◆ Activity ◆
Pictures excluded, return every entry exactly, please.

[[ Provided entries open ]]

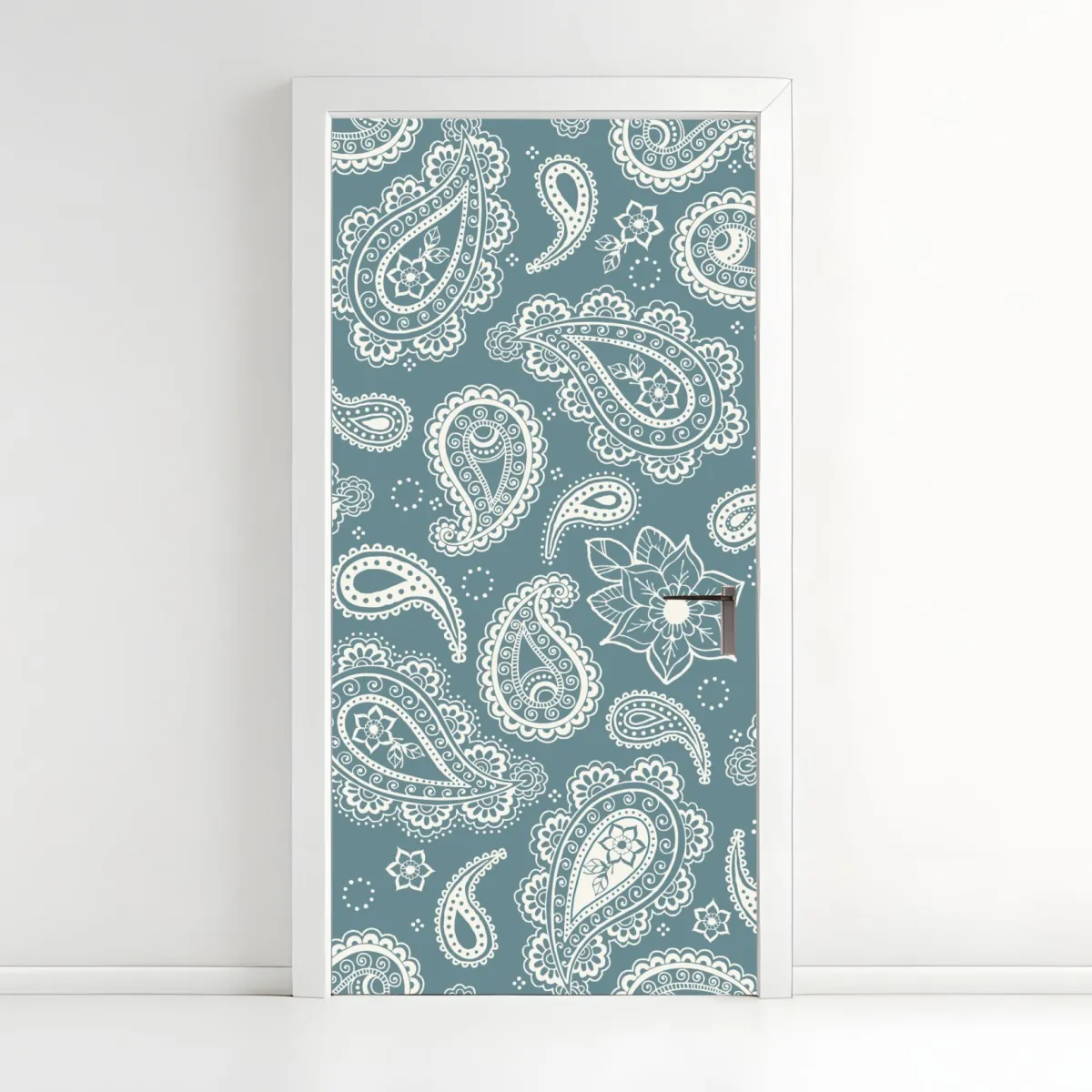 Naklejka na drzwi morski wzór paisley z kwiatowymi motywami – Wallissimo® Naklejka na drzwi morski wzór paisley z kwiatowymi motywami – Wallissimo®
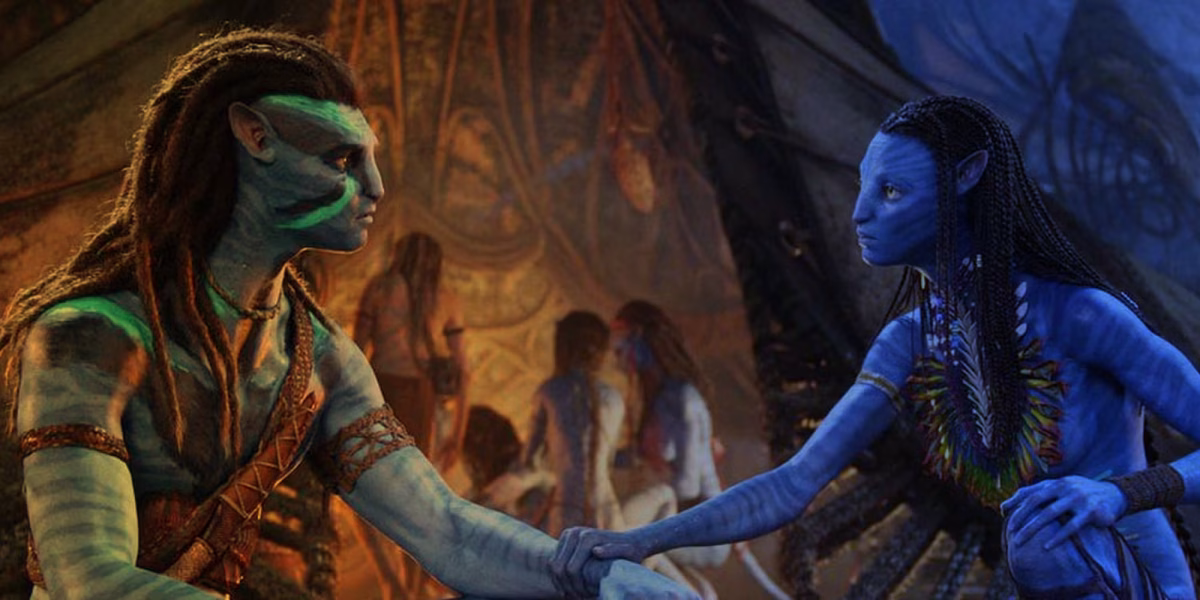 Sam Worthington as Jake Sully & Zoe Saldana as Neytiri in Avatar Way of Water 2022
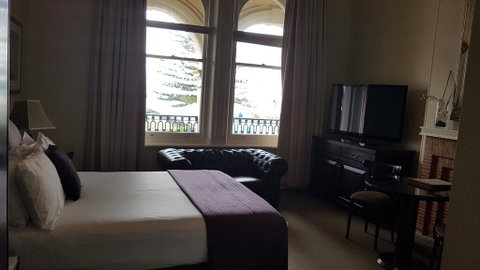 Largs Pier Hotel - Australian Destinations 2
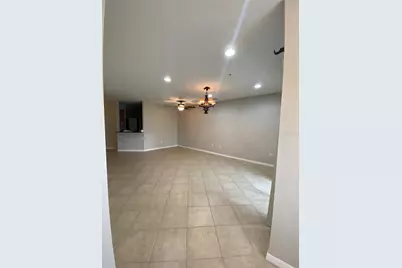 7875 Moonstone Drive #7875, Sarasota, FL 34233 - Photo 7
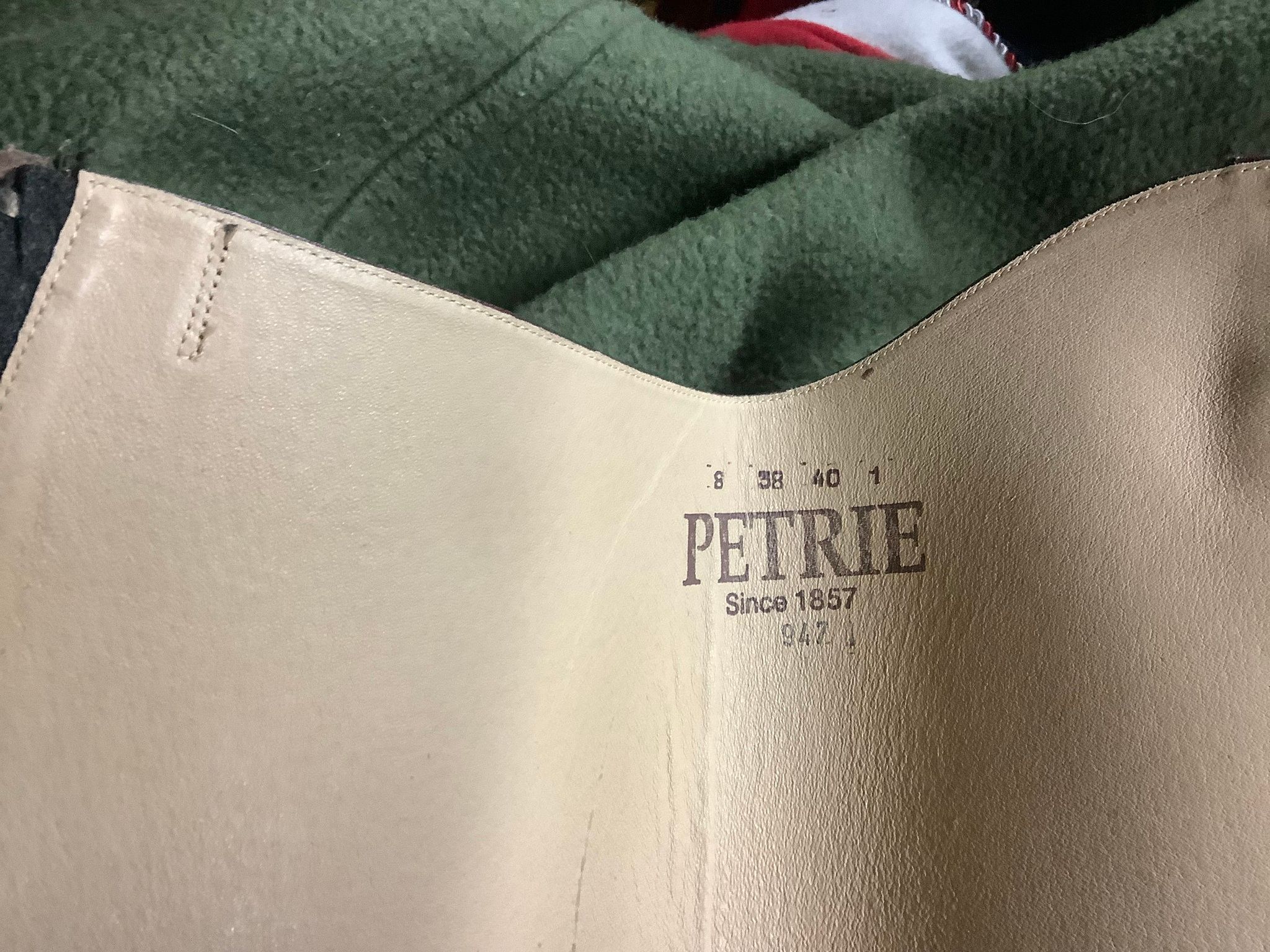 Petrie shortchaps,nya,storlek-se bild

[[ Provided entries closed ]]

◆ Worked solution ◆
 Naklejka na drzwi morski wzór paisley z kwiatowymi motywami – Wallissimo® Naklejka na drzwi morski wzór paisley z kwiatowymi motywami – Wallissimo®
 Sam Worthington as Jake Sully & Zoe Saldana as Neytiri in Avatar Way of Water 2022
 Largs Pier Hotel - Australian Destinations 2
 7875 Moonstone Drive #7875, Sarasota, FL 34233 - Photo 7
 Petrie shortchaps,nya,storlek-se bild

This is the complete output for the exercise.